● Prompt:
Your output should match the listing below word for word, without any images.

● Stored data:
↓
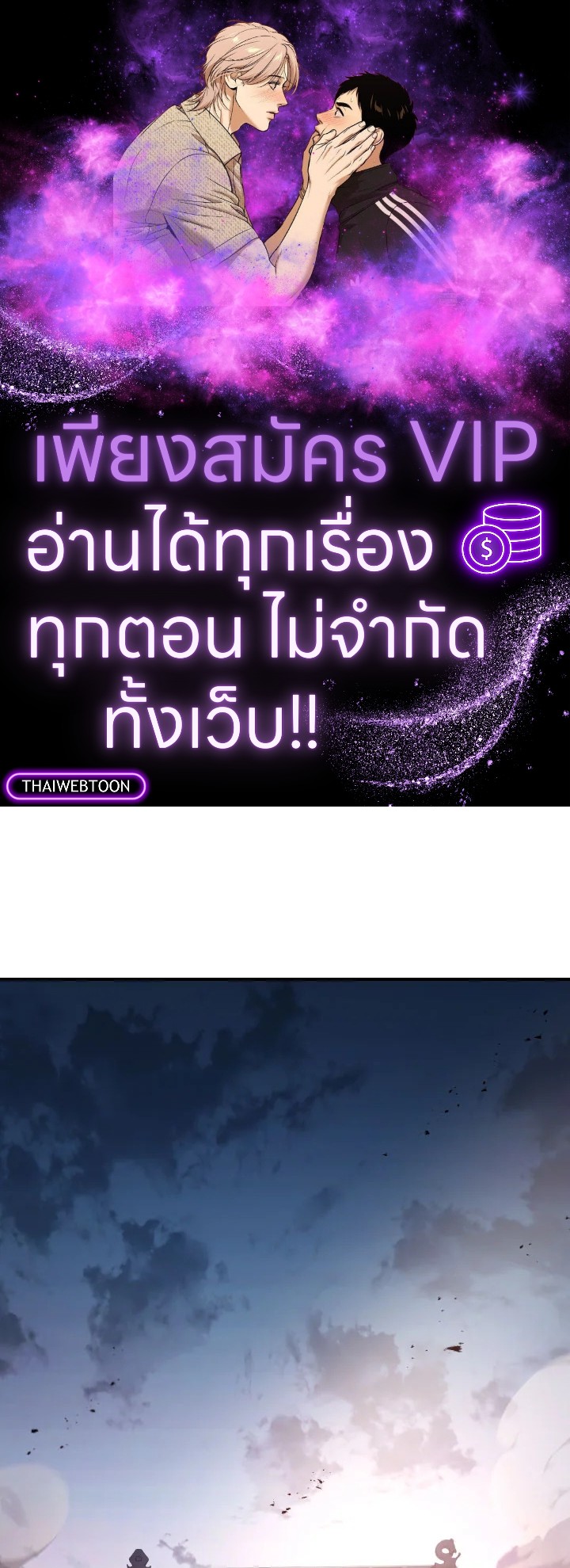 ตำนานอสูร มังกรพิษ | Legend of an Asura : Poison Dragon ตอนที่ 104 - รูปที่ 1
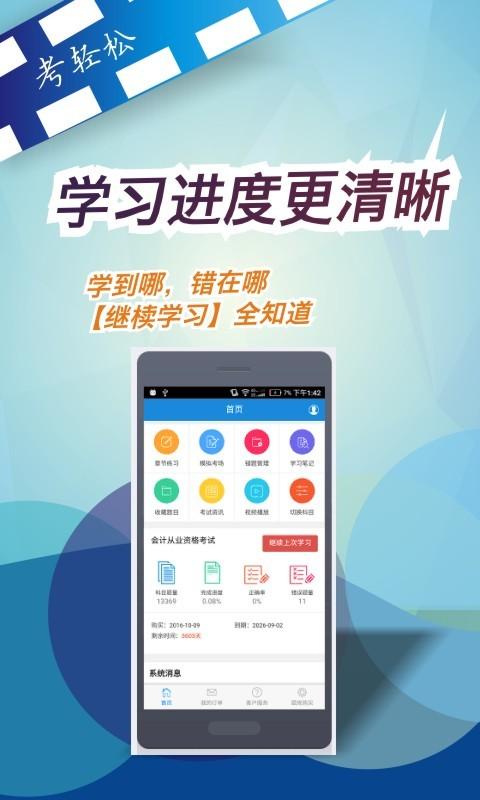 考轻松官方版下载,考轻松,学习app,考证app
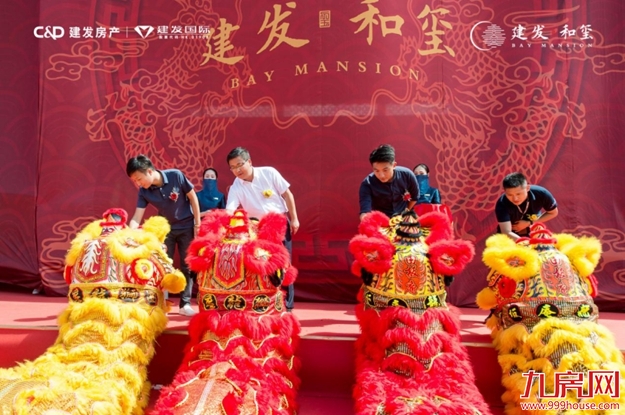 首度亮相 |宗师级东方美学实景示范区，问鼎马銮湾！——九房网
↑
● Exercise result:
 ตำนานอสูร มังกรพิษ | Legend of an Asura : Poison Dragon ตอนที่ 104 - รูปที่ 1
 考轻松官方版下载,考轻松,学习app,考证app
 首度亮相 |宗师级东方美学实景示范区，问鼎马銮湾！——九房网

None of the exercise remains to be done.